--- Exercise requirements ---
Nothing should appear in the answer except the lines from the one with "And there we" through the end of the listing below, transcribed exactly and without pictures.

________________________________________

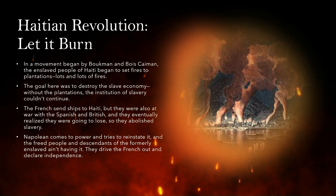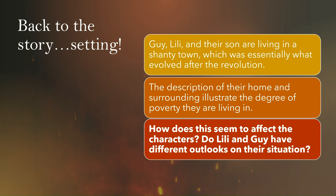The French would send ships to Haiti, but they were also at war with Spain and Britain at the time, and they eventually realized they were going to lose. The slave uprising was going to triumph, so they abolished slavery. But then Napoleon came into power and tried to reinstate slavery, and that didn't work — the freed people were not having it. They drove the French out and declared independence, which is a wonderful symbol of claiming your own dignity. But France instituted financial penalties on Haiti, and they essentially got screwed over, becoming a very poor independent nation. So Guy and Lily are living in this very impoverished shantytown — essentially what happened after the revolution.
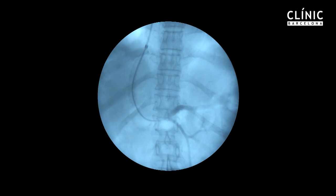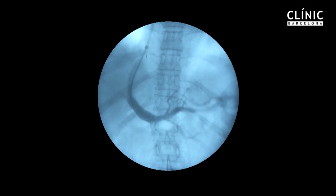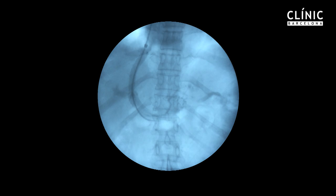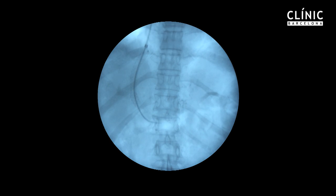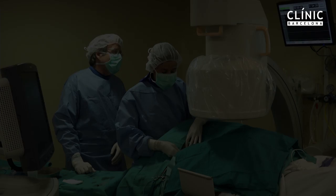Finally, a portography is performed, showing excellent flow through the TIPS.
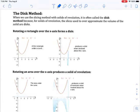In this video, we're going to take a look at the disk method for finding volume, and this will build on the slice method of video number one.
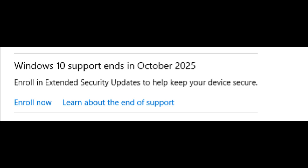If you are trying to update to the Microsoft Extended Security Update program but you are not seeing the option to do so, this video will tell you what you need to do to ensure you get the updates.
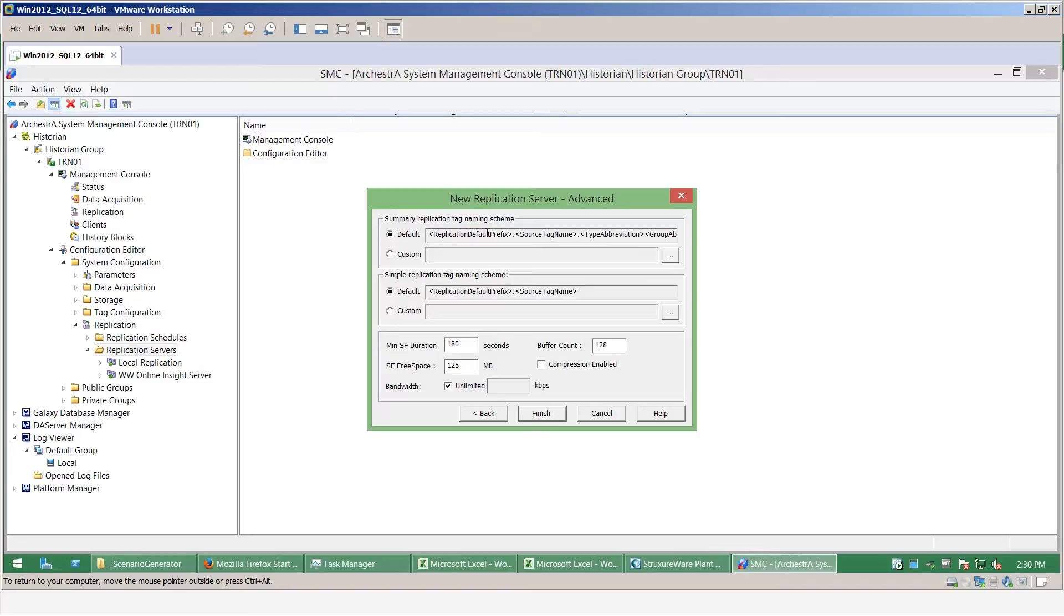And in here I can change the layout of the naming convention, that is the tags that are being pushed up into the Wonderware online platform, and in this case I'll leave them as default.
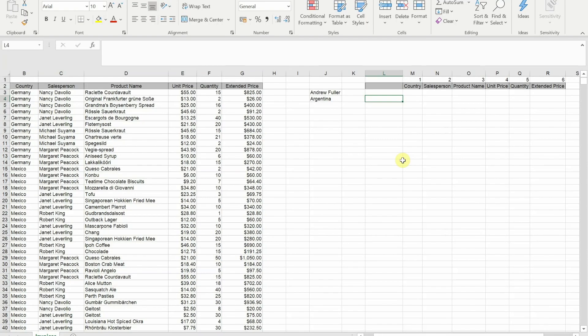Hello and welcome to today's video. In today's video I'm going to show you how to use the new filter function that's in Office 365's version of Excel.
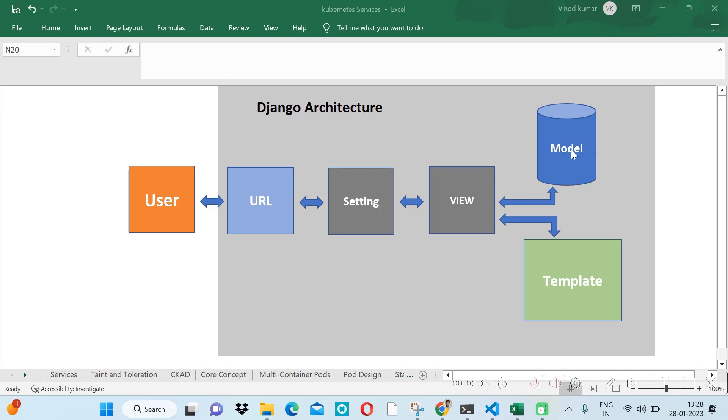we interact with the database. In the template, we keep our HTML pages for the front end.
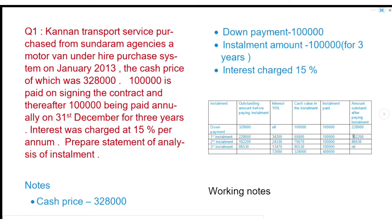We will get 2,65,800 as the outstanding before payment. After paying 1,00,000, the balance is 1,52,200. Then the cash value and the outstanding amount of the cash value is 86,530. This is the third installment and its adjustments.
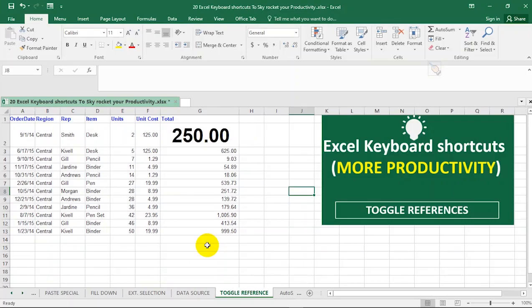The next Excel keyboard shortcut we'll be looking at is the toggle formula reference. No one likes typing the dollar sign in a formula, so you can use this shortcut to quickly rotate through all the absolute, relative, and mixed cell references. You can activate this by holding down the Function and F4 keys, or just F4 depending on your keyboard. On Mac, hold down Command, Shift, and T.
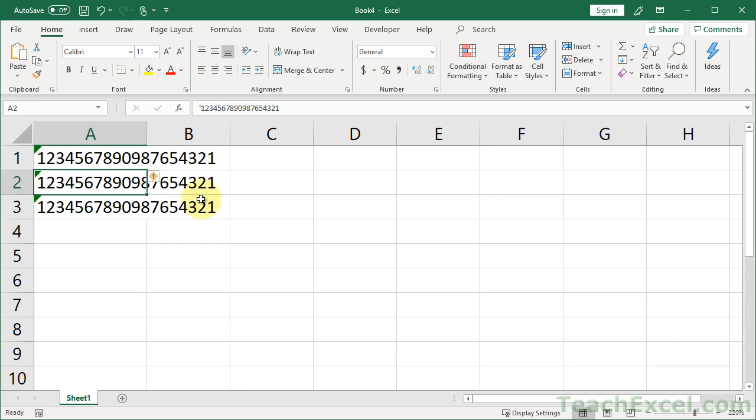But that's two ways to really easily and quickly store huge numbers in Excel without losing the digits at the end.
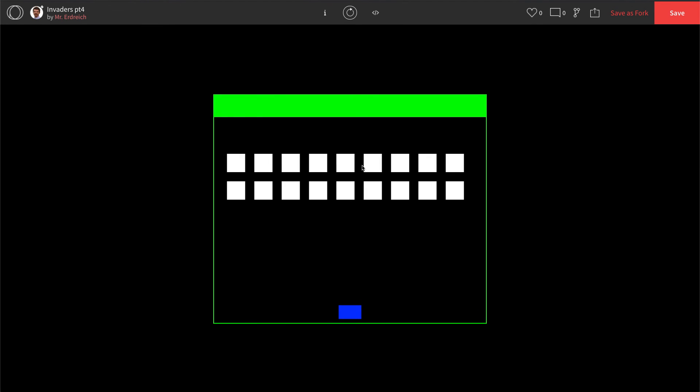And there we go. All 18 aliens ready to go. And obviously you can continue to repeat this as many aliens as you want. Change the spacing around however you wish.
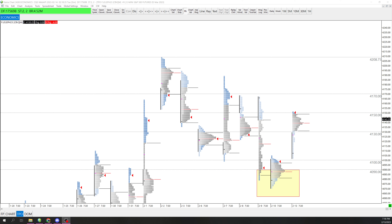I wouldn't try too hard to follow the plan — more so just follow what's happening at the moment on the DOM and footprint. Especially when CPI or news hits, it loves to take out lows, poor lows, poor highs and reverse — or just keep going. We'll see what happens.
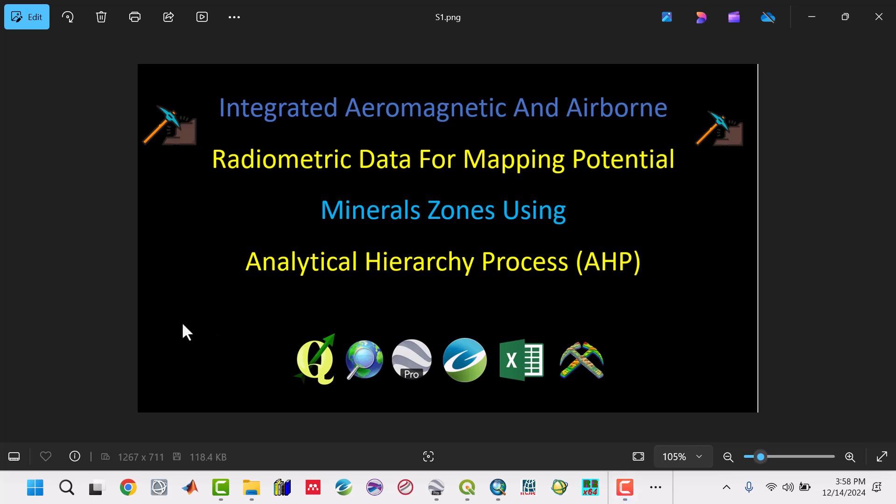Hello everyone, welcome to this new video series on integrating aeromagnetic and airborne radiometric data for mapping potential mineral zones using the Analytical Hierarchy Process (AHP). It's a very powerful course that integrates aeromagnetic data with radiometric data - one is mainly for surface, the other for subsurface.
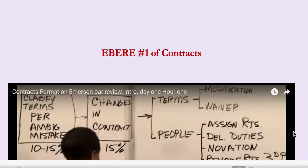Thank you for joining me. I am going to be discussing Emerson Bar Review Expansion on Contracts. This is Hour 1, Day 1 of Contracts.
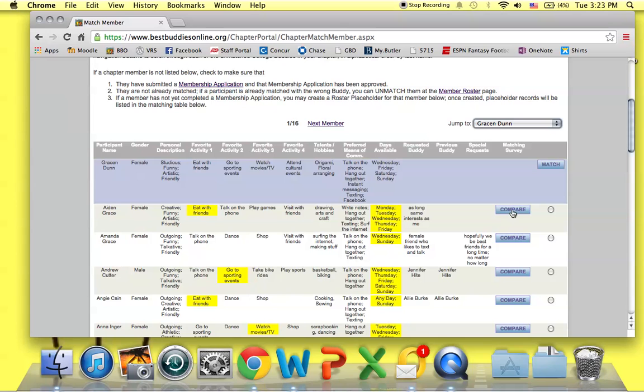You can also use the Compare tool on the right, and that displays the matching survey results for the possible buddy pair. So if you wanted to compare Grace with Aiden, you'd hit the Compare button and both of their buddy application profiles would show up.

________________________________________

--- Answer to this exercise ---
And there we go. All 18 aliens ready to go. And obviously you can continue to repeat this as many aliens as you want. Change the spacing around however you wish.
I wouldn't try too hard to follow the plan — more so just follow what's happening at the moment on the DOM and footprint. Especially when CPI or news hits, it loves to take out lows, poor lows, poor highs and reverse — or just keep going. We'll see what happens.
Hello everyone, welcome to this new video series on integrating aeromagnetic and airborne radiometric data for mapping potential mineral zones using the Analytical Hierarchy Process (AHP). It's a very powerful course that integrates aeromagnetic data with radiometric data - one is mainly for surface, the other for subsurface.
Thank you for joining me. I am going to be discussing Emerson Bar Review Expansion on Contracts. This is Hour 1, Day 1 of Contracts.
You can also use the Compare tool on the right, and that displays the matching survey results for the possible buddy pair. So if you wanted to compare Grace with Aiden, you'd hit the Compare button and both of their buddy application profiles would show up.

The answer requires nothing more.